La terra di Montalbano
La Sicilia sud orientale è famosa nel mondo per il suo tardo barocco, le cui grandiose forme ne delinearono all’unisono l’aspetto in seguito al devastante terremoto del 1693 che la rase al suolo.
Appena sbarcati all’aeroporto di Catania-Fontanarossa con l’amico Pietro, on the road abbiamo raggiunto una villa sulla costa di Ispica, che è stata la nostra base. Nonostante mi svegliassi ogni giorno praticamente sulla spiaggia e il magnifico Angelo ci accarezzasse il palato con le sue ghiottonerie, ero nel mezzo del ben di Dio e la forza dell’arte mi calamitava appena aprivo gli occhi.
Per riconoscenza all’ospitalità, ho visitato dapprima Ispica, che con la sua storia insignita di passaggi (siculi, greci, romani, bizantini, arabi, normanni, svevi, angioini) è una nicchia di segreti che vale la pena vedere. Scoprirete che ancora accesissimo è l’antagonismo tra le due principali confraternite del paese: cavari e nunziatari sono così rivali da far invidia alle contrade di Siena!

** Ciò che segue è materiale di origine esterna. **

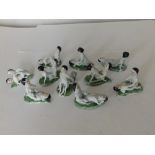A group of ten erotic porcelain figure groups, approximately 3" across. (10)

A riguardo, imperdibili sono i rituali mistico-religiosi della settimana santa, con processioni, pellegrinaggi e una spettacolare via crucis, così viva da impressionare anche una miscredente come me.
Ai cavari appartiene la chiesa di Santa Maria Maggiore, nata per ospitare il simulacro del Santissimo Cristo alla colonna, qui trasferito dopo essersi miracolosamente salvato dal terremoto.
L’interno, a tre navate, conserva gli affreschi del 1765 del catanese Olivio Sozzi, uno dei più significativi cicli pittorici siciliani del secolo.
Bellissimo anche il loggiato semiellittico, che ricorda in piccolo il colonnato berniniano di San Pietro.
I nunziatari sono legati, invece, alla chiesa della Santissima Annunziata dove conservano la loro effigie.
Qui, dove gli interni sono decorati con gli stucchi riconducibili a Giuseppe Gianforma (1750 ca.), la scultura del Santissimo Cristo con la croce è custodita nell’altare destro del transetto.
Di notte, quando è ravvivata dalle luci, l’esuberanza pietrosa delle sue forme si posa per un po’ negli occhi.
Surreale è stato, poi, scendere nella Cava d’Ispica: una vallata ardua quanto una foresta, al cui interno tra brulicanti greggi ancora si nascondono necropoli preistoriche, catacombe cristiane, oratori rupestri, eremi monastici ed arcane grotte oscure che neppure lo stravagante accompagnatore “Ciccio ‘ra cava” (un indigeno che snocciolava in una lingua arcaica e a tratti incomprensibile piccoli aneddoti avvolti nel mistero) ci ha saputo motivare.